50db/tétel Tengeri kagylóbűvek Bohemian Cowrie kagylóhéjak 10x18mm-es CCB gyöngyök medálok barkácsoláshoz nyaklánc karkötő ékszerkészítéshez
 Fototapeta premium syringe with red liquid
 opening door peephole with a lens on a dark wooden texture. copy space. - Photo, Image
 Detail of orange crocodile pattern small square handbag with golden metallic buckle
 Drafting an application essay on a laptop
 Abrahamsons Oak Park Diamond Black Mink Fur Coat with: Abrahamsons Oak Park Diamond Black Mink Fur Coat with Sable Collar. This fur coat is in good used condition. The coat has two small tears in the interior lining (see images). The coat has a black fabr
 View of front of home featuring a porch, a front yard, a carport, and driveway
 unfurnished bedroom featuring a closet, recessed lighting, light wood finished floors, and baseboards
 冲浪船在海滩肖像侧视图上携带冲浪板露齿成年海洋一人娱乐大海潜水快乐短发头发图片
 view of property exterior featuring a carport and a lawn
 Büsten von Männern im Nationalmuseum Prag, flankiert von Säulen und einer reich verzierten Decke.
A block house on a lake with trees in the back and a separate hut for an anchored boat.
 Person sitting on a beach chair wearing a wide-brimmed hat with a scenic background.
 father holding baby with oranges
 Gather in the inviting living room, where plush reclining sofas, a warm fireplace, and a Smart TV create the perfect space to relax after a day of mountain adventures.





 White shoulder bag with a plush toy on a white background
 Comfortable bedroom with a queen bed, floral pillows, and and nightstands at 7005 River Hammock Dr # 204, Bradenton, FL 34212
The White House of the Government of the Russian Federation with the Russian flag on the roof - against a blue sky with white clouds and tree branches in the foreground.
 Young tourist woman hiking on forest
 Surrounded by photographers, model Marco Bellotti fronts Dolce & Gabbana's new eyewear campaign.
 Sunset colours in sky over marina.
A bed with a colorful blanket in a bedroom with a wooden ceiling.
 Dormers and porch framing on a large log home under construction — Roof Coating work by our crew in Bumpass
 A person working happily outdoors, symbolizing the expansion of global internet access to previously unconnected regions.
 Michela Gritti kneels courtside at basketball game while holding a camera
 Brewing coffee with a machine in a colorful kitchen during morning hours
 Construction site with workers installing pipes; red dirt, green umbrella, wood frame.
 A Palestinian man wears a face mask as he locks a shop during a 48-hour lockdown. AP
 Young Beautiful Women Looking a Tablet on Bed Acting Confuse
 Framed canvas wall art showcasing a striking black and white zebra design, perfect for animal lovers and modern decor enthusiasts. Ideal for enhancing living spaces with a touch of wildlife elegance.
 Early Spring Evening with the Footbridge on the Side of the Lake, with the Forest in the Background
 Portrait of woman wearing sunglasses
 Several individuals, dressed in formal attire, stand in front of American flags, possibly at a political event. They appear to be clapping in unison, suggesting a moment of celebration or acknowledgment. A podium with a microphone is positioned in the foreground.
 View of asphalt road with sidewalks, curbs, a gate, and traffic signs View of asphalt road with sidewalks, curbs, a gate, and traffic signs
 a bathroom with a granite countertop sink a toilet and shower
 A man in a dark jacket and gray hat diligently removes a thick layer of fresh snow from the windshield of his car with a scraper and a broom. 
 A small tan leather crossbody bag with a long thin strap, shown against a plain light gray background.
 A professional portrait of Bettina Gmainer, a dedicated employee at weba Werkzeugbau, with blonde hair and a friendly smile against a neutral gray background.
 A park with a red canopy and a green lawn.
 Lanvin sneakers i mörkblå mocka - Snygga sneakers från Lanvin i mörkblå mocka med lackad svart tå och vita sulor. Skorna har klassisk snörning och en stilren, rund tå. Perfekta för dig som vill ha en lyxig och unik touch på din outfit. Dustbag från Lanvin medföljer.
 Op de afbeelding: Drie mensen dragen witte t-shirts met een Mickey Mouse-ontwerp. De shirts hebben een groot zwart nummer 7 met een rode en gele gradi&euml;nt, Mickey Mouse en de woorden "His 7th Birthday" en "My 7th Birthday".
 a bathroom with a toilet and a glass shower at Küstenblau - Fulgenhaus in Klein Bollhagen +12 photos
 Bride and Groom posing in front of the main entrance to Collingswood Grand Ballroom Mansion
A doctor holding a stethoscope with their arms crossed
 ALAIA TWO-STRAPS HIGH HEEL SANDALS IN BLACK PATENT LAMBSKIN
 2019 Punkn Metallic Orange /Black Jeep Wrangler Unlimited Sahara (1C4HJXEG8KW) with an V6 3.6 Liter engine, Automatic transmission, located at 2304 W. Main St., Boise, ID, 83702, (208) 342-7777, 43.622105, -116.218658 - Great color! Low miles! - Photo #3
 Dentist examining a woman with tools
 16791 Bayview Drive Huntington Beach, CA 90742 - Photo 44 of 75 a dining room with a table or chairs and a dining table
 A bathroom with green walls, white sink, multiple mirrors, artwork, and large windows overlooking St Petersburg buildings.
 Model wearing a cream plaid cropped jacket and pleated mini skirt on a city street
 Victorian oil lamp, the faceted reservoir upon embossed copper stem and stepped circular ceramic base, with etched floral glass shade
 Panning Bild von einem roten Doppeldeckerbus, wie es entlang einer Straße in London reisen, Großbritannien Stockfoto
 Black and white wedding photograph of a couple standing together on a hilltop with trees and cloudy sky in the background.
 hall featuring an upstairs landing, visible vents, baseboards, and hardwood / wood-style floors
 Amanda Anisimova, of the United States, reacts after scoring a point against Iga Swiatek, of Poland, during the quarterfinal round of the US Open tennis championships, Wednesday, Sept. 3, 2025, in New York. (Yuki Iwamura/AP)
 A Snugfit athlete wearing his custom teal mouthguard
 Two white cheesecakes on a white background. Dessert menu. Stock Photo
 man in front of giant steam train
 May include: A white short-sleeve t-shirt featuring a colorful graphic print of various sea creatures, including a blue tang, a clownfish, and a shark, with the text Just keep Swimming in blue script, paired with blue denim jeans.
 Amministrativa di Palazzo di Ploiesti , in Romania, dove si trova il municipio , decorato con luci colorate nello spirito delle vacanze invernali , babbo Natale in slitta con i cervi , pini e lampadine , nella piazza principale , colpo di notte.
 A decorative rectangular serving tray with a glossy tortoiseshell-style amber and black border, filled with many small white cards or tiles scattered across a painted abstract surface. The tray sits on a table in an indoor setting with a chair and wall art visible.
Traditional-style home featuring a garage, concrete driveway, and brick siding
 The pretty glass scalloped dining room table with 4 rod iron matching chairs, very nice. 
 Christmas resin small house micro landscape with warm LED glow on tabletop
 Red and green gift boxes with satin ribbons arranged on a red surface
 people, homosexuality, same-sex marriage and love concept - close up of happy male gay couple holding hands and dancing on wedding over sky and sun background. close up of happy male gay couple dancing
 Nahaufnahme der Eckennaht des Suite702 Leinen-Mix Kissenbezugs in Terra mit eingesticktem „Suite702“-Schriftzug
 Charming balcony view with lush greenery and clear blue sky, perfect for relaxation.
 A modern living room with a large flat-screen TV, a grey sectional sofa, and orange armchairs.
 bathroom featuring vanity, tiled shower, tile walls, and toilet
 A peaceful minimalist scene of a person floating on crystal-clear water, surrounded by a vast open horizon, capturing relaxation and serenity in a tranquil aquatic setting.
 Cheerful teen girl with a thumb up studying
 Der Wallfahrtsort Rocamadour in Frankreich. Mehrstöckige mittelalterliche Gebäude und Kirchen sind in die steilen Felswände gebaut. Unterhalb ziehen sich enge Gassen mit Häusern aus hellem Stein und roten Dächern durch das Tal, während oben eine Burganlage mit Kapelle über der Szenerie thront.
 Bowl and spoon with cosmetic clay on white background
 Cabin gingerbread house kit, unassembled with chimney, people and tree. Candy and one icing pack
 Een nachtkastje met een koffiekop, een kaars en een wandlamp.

☆ ☆ ☆

Work request:
Each line containing the word "foreground" must be pulled from the listing and copied.

Response area:
The White House of the Government of the Russian Federation with the Russian flag on the roof - against a blue sky with white clouds and tree branches in the foreground.
 Several individuals, dressed in formal attire, stand in front of American flags, possibly at a political event. They appear to be clapping in unison, suggesting a moment of celebration or acknowledgment. A podium with a microphone is positioned in the foreground.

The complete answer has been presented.